Monday, January 26, 2009

Questions with No Answers

I've been getting around to some of the older books on my to-be-read list this winter, and at this point I don't even remember who recommended some of these books to me. That's a good thing in the case of Donna Tartt's The Little Friend, because now I have no one to blame.

There were interesting bits. I kept thinking it was going to come to something, so I'd put aside the two other books I'm reading and think it was about to be worth the time I'd already spent and the way the eyes of the creepy-looking doll on the cover seemed to follow me around the room. But, no. I got to like the main character, Harriet, so I was disappointed that she didn't really succeed at any of the tasks she set for herself, and that no one ever noticed what she was doing. At the end of the novel, Harriet has a gun, and her nemesis has a gun, and they meet at the same water tower, and yet there is no resolution to all the questions they've brought with them. By that time, I disliked everyone but the children, Harriet and Hely, so intensely that it was hard to care, anyway.

This is an older book, published in 2002, and all the reviews I read were admiring, mostly because Tartt's first novel was such a sensation that everyone seemed to be glad she'd written a second one.

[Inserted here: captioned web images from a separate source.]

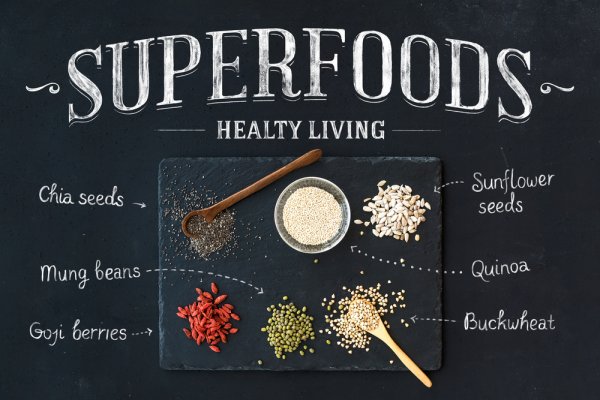 Kale dan Quinoa? Basi! , Ini Dia 10 Superfood Terbaru yang Populer di tahun 2023!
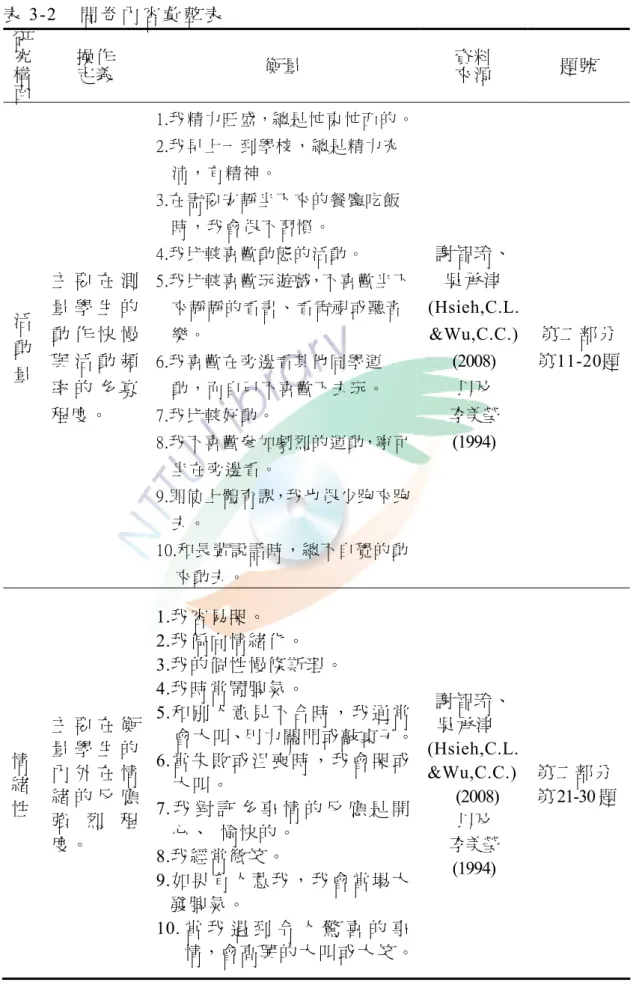 表 3-2  問 卷 內 容 彙 整 表   研 究  構 面  操作定義 衡量 資料來源 題號 活 動 量  主 要 在 測量 學 生 的動 作 快 慢與 活 動 頻 率 的 多 寡 程度。  1.我精力旺盛，總是忙東忙西的。2.我早上一到學校，總是精力充沛，有精神。 3.在需要安靜坐下來的餐廳吃飯時，我會很不習慣。 4.我比較喜歡動態的活動。 5.我比較喜歡玩遊戲，不喜歡坐下來靜靜的看書、看電視或聽音樂。 6.我喜歡在旁邊看其他同學運動，而自己不喜歡下去玩。 7.我比較好動。  8.我不喜歡參加劇烈的運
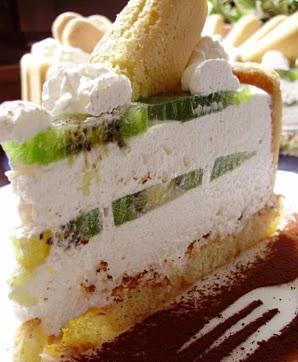 Torta od kivija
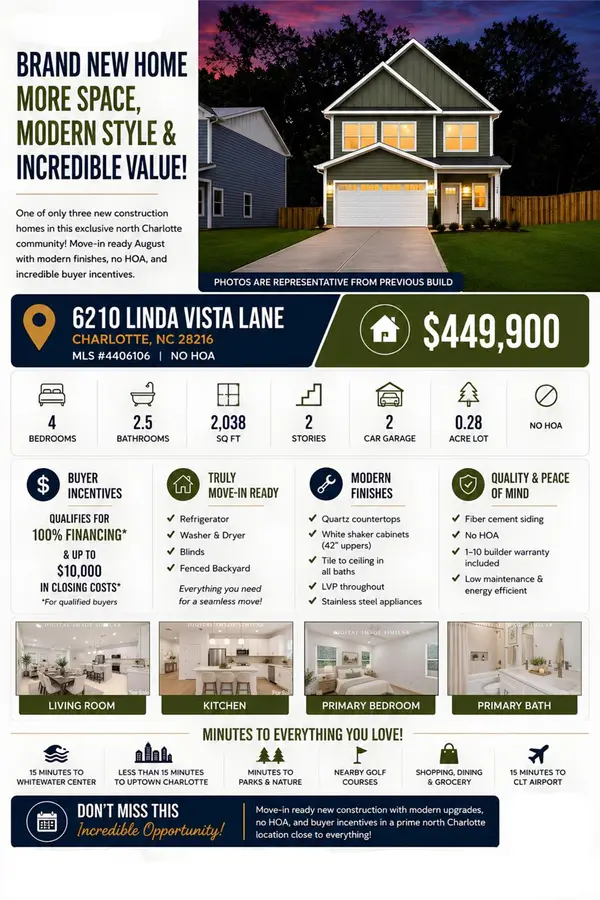 6210 Linda Vista LN, Charlotte, NC 28216
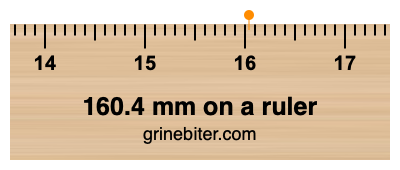 Where is 160.4 millimeters on a ruler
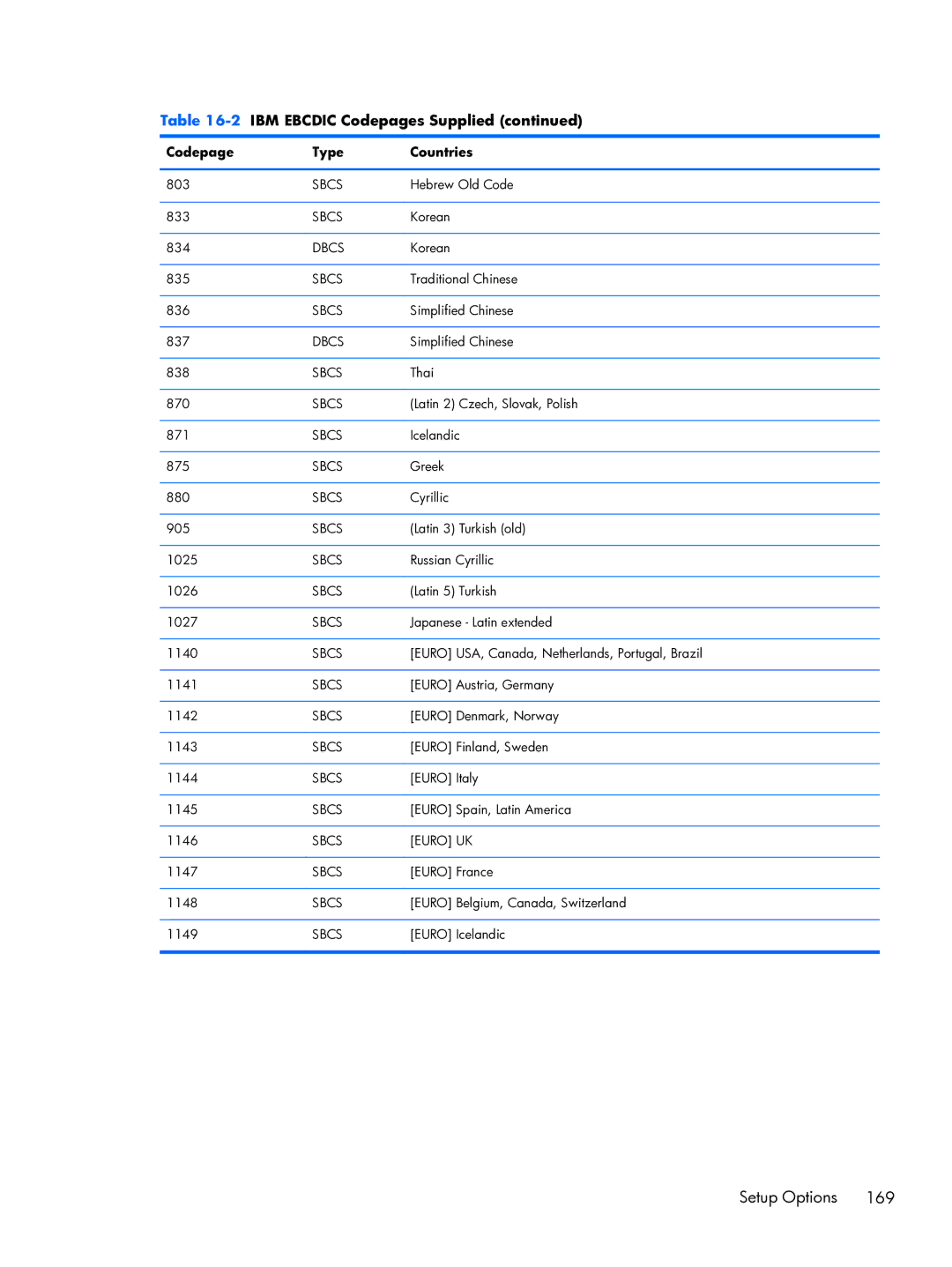 HP TeemTalk Terminal Emulator 8 E-License manual Sbcs Euro UK 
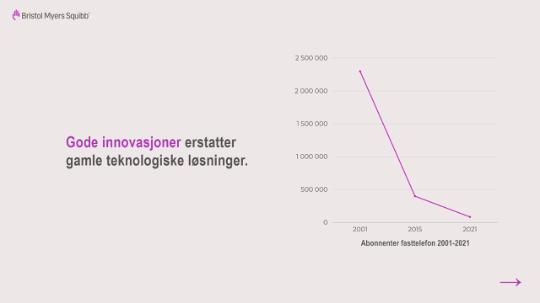 Gode innovasjoner erstatter gamle teknologiske løsninger.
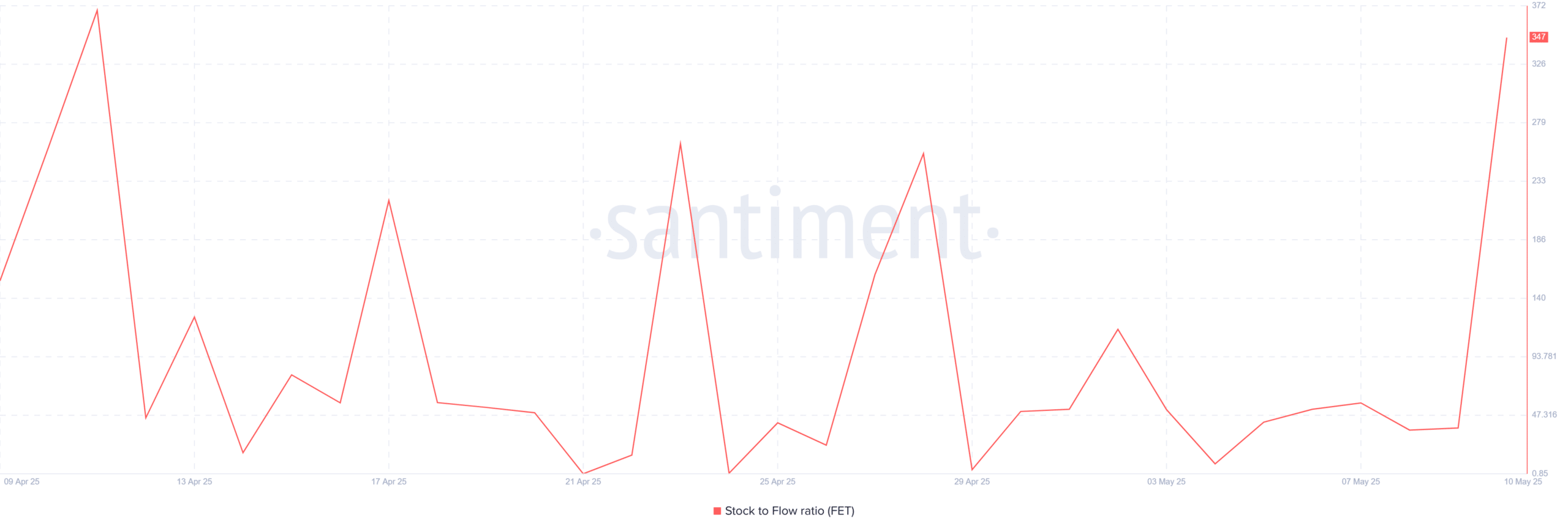 Liên minh Siêu trí tuệ chạy đà: FET sẽ vượt 1 USD? - Tin Tức Bitcoin - Cập Nhật Tin Tức Coin Mới Nhất 24/7 2025 Liên minh Siêu trí tuệ chạy đà: FET sẽ vượt 1 USD? - Tin Tức Bitcoin - Cập Nhật Tin Tức Coin Mới Nhất 24/7 2025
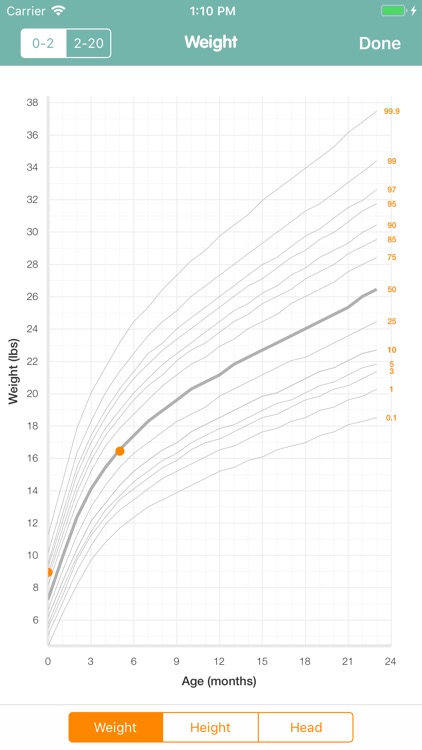 Sprout Growth Tracker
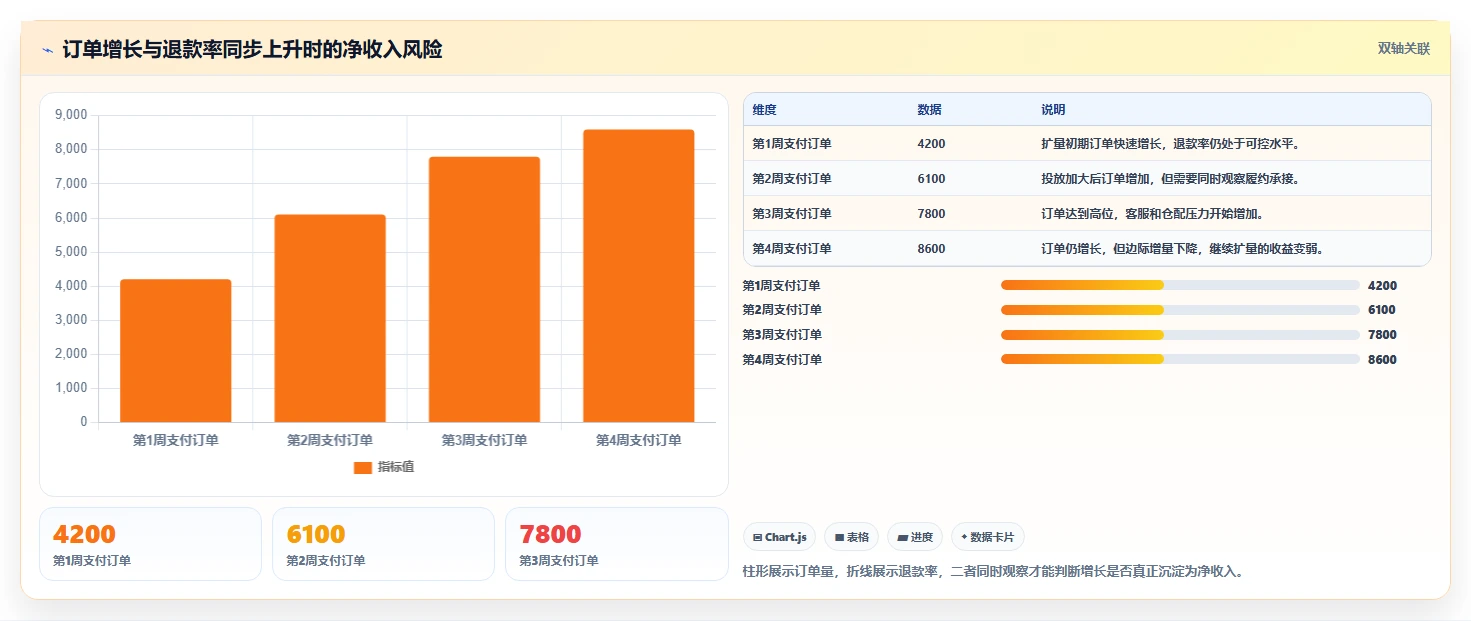 营业额分析：运营主管对比指南：不同订单量方案如何影响跟踪目标差距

The only person I found who had any objections to The Little Friend is Anita Brookner, in her Spectator review.

There is a particular kind of literary fiction that garners admirers by virtue of its character studies. The Little Friend is not that. I wouldn't exactly call it Southern Gothic, either, although many have. It's not a thriller, although some of the plot would lead you to believe that it will be. It's neither fish nor fowl nor good red herring. Just walk on by, and ignore the creepy eyes.

3 comments:

Teresa said...

I read this a couple of years ago and liked it well enough but really didn't get what all the fuss was about. Like you, I kept expecting it to develop into something really interesting, but it didn't quite get there.

Harriet M. Welsch said...

I didn't even manage to finish The Secret Friend. Not that it was so awful, but the book was due back to the library and it didn't seem worth a renewal. I did enjoy A Secret History, in a way that made me feel kind of hungover afterwards -- I read like an addict and then felt cheap and tawdry when it was over.

Jeanne said...

I'm glad to hear I'm not alone. Harriet, "hung over" is a good way to describe the feeling of having read a Tartt-y book.